HOW TO COMPLETE THIS TASK: Lines to restate from the data below: from the one containing "Grand Phillip Cismigiu" to the one containing "Millionaire White Embroidery", both included. Give them again exactly, and only them.

THE DATA:
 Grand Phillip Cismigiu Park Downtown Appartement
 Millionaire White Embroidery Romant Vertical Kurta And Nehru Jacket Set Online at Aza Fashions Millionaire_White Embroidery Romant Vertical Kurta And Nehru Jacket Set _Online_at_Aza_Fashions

==

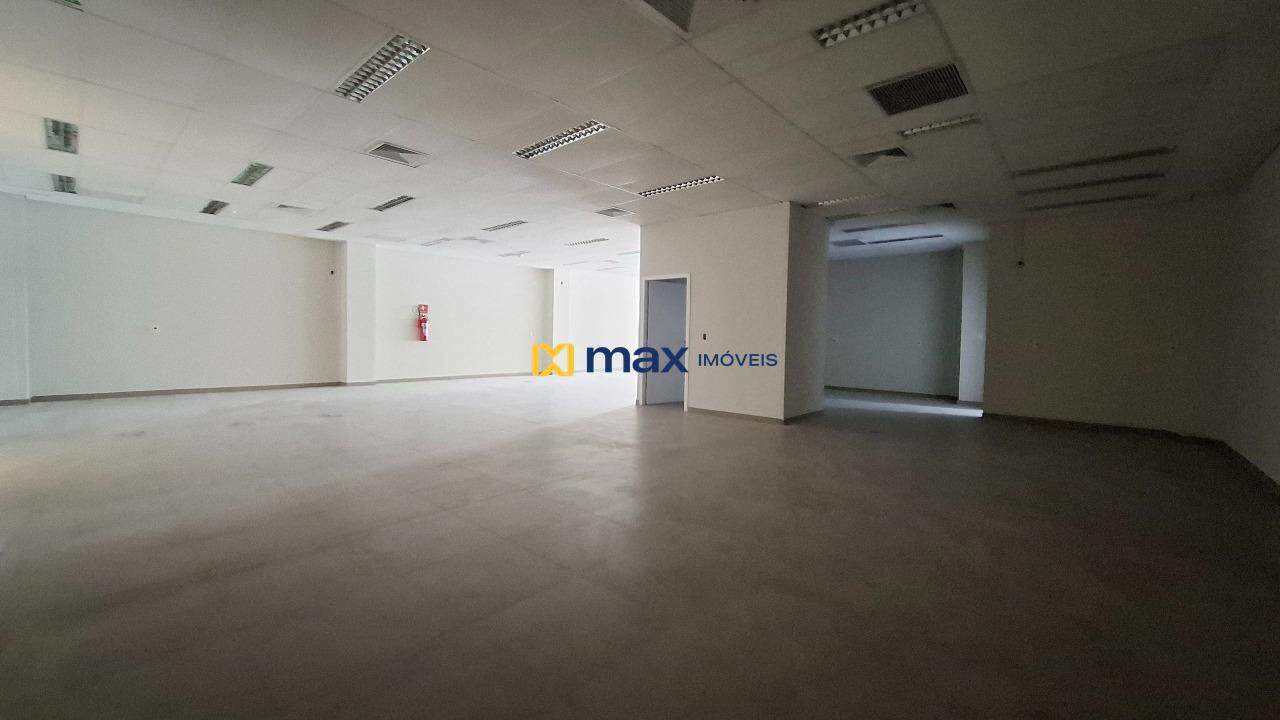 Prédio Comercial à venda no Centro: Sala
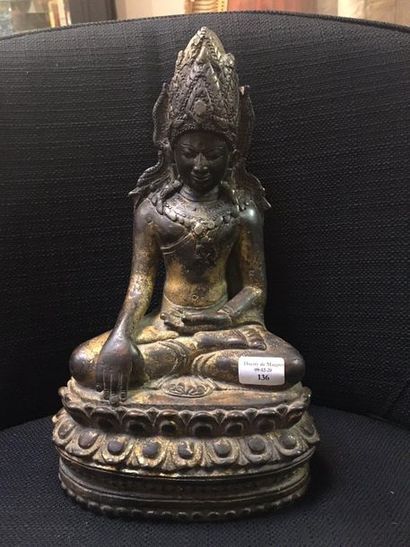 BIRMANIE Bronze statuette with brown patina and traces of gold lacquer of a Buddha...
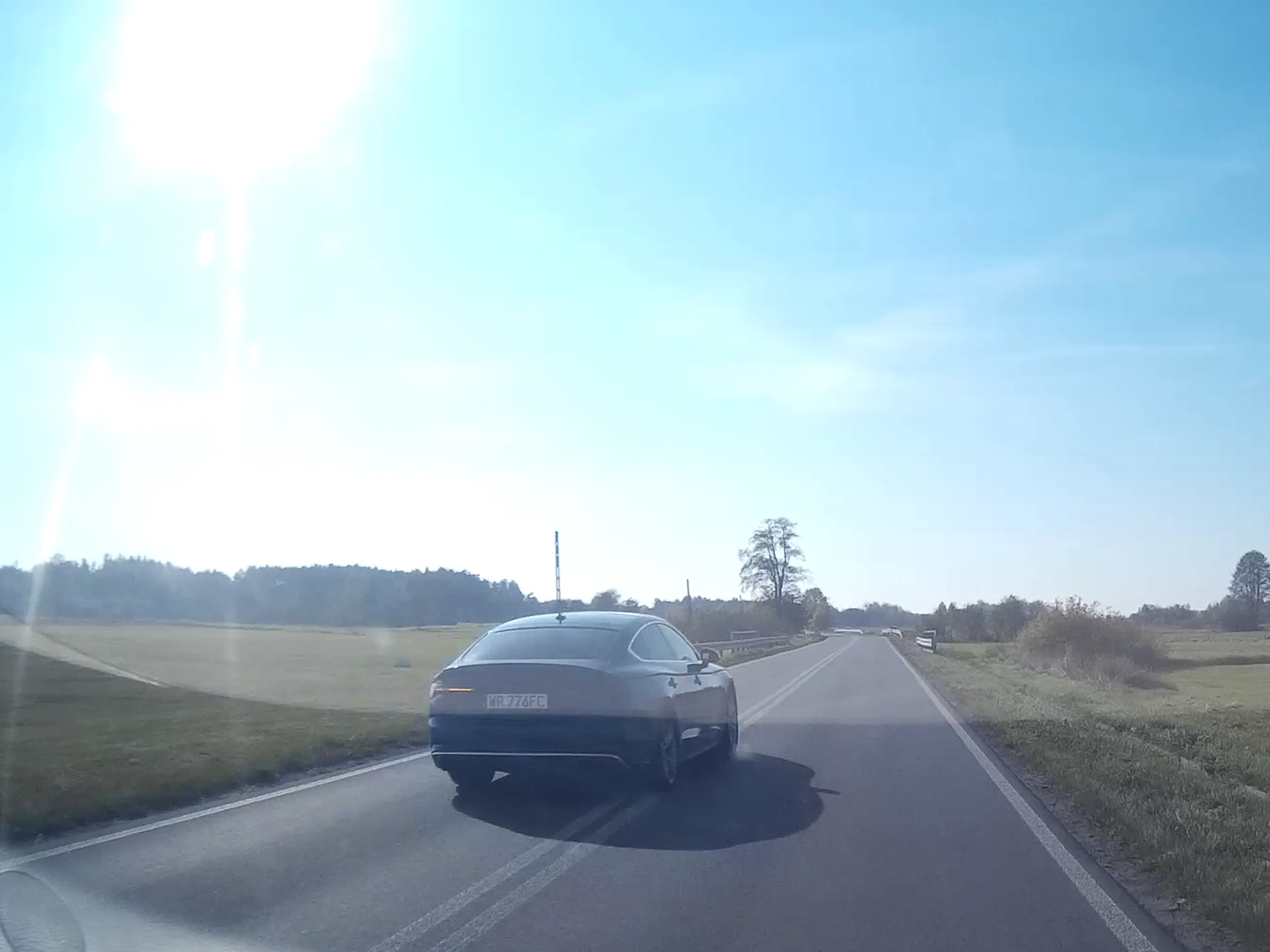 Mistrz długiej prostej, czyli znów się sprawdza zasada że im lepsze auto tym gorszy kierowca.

EXERCISE RESPONSE:
 Grand Phillip Cismigiu Park Downtown Appartement
 Millionaire White Embroidery Romant Vertical Kurta And Nehru Jacket Set Online at Aza Fashions Millionaire_White Embroidery Romant Vertical Kurta And Nehru Jacket Set _Online_at_Aza_Fashions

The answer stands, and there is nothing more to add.